Ik getuig niet alleen dat Jezus de Christus is, de heilige en eniggeboren Zoon van God, maar ook dat Hij leeft, dat Hij van ons houdt, en dat wij krachtens de verdienste van zijn zoenoffer eeuwig zullen leven.

Dit is de kerk en het koninkrijk van God op aarde. De waarheid is hersteld. Leef in vertrouwen, optimisme, geloof en toewijding. Neem de moeilijkheden van het leven serieus, maar laat ze u niet bang maken of ontmoedigen.

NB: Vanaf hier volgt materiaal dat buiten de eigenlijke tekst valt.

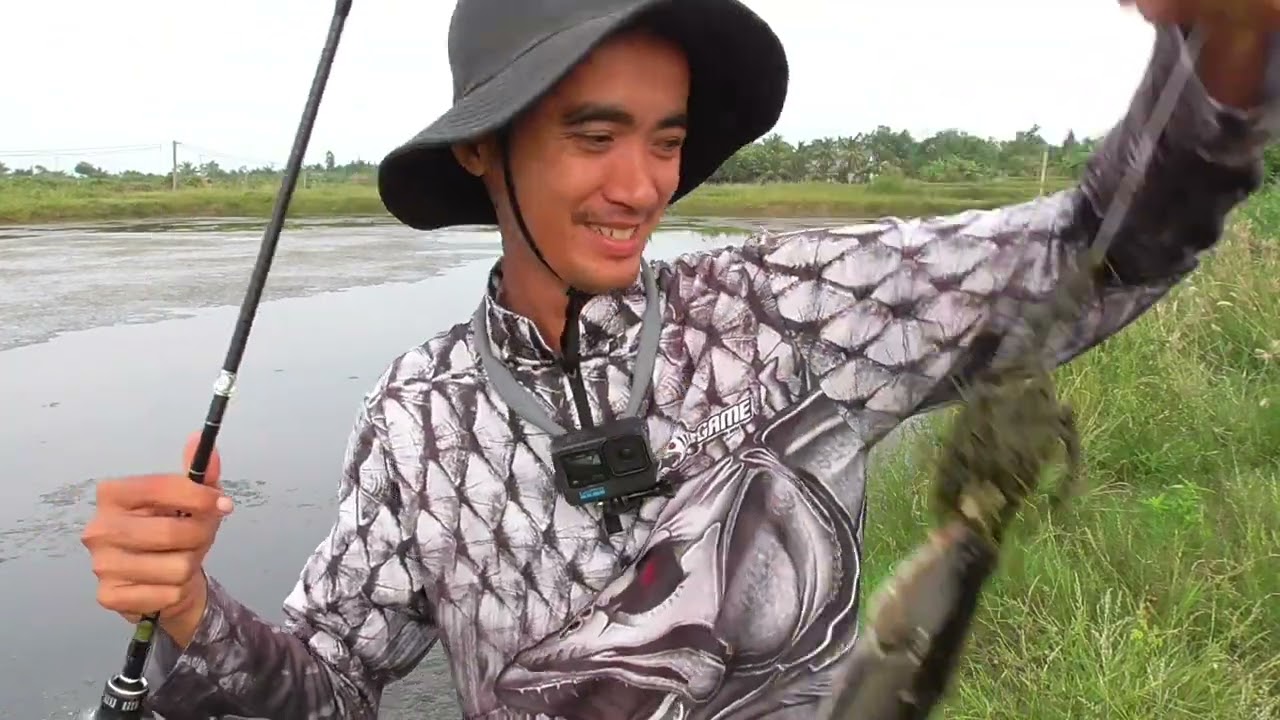 Hết có biết cái Ao này rồi, gì đâu mà nó táp mỗi đường câu, đóng mỏi tay || VR Fishing #184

Voel de vreugde van de heiligen in de laatste dagen, en nooit enige verlammende angst of verwoestende wanhoop.

‘Vreest daarom niet kleine kudde. (…) Blikt tot [Christus] op bij iedere gedachte; twijfelt niet, vreest niet’ (LV 6:34, 36).

‘Gij hebt nog niet begrepen welke grote zegeningen de Vader (…) voor u heeft bereid. (…) Houd moed. (…) Van u is het koninkrijk en van u zijn de zegeningen daarvan, en van u zijn de rijkdommen der eeuwigheid’ (LV 78:17–18).

Ik laat u mijn zegen, mijn liefde en een apostolisch getuigenis van de waarheid van deze dingen.

Uit een toespraak, gehouden tijdens een haardvuuravond van de kerkelijke onderwijsinstellingen, op 12 september 2004.

Noten

  1. History of the Church, deel 4, pp. 609–610.

  2. James R. Clark, Messages of the First Presidency of the Church of Jesus Christ of Latter-day Saints, zes delen (1965–1975), deel 3, p. 258.

  3. ‘In glorie rijst die schone dag’, Liahona, mei 2004, p. 84.

  4. ‘Gij zijt groot’, lofzang 54; cursivering toegevoegd.